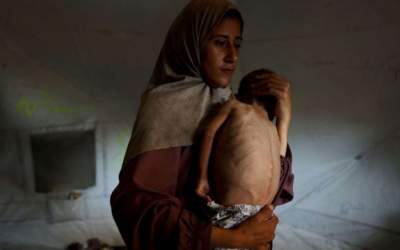 سازمان ملل: قحطی در غزه عامدانه است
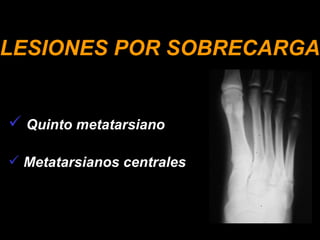 LESIONES POR SOBRECARGA Quinto metatarsiano Metatarsianos centrales 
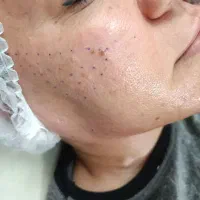 فیلر/ژل/بوتاکس ،بدون درد و کبودی|خدمات آرایشگری و زیبایی|شیراز, مسلم|دیوار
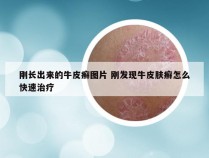 刚长出来的牛皮癣图片 刚发现牛皮肤癣怎么快速治疗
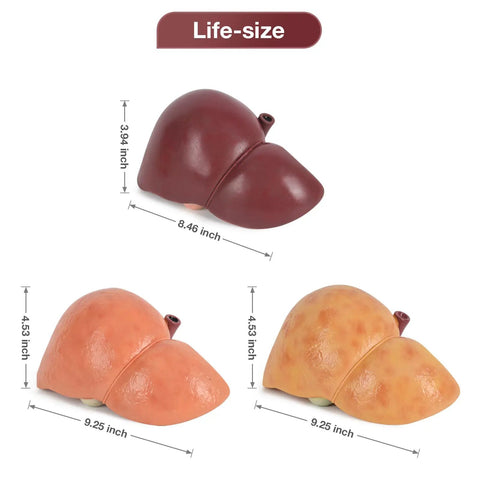 Hella Realistic Silicone Liver Anatomy Set Featuring Three Straight Up Life Size Medical Teaching Models with normal and fatty liver versions.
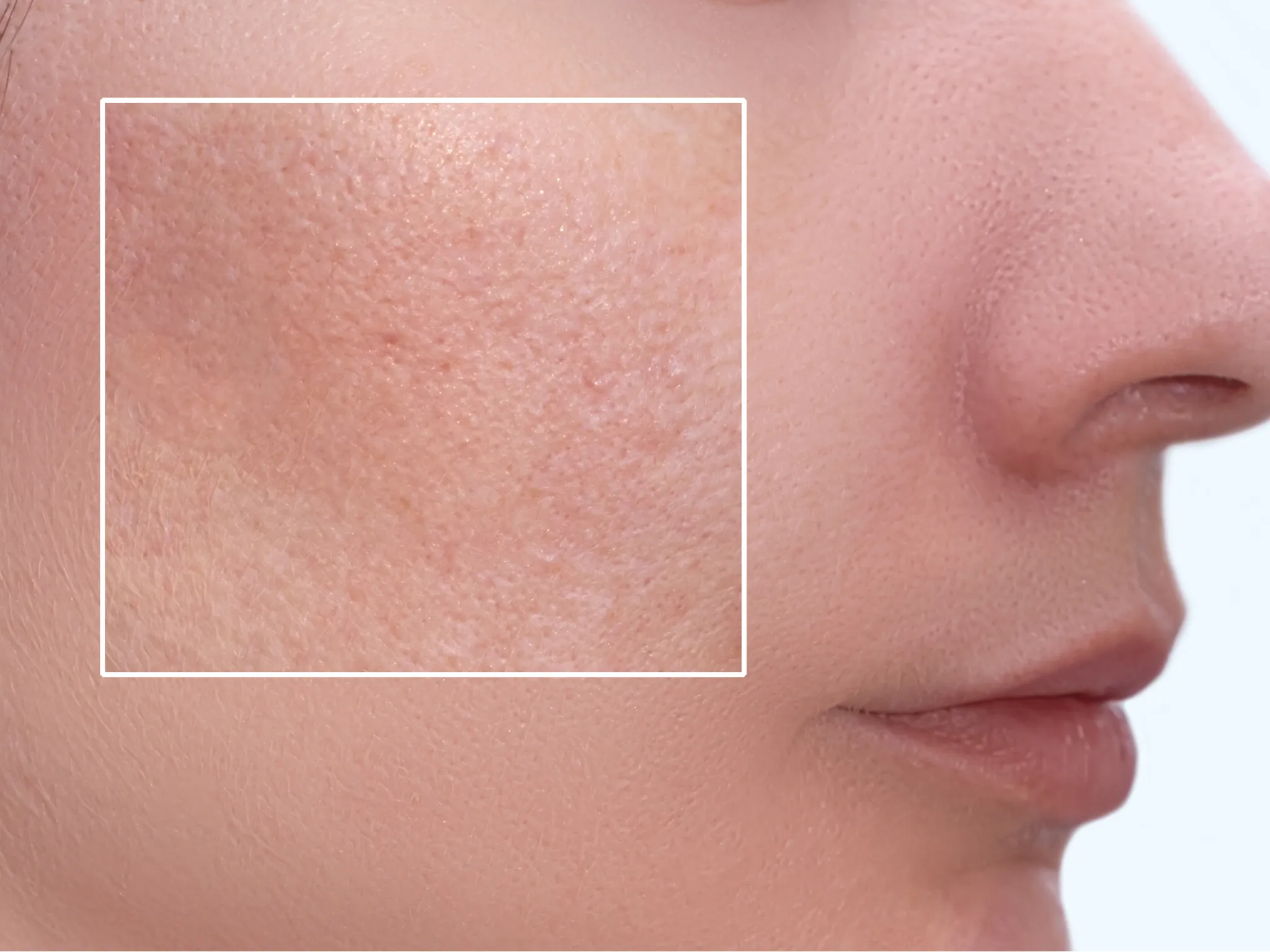 5. Mengecilkan Pori-Pori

□ □ □ □ □ □ □

* **Activity**:
Please set down the data above exactly as given, leaving every picture out.

* **Reply to the task**:
 سازمان ملل: قحطی در غزه عامدانه است
 LESIONES POR SOBRECARGA Quinto metatarsiano Metatarsianos centrales 
 فیلر/ژل/بوتاکس ،بدون درد و کبودی|خدمات آرایشگری و زیبایی|شیراز, مسلم|دیوار
 刚长出来的牛皮癣图片 刚发现牛皮肤癣怎么快速治疗
 Hella Realistic Silicone Liver Anatomy Set Featuring Three Straight Up Life Size Medical Teaching Models with normal and fatty liver versions.
 5. Mengecilkan Pori-Pori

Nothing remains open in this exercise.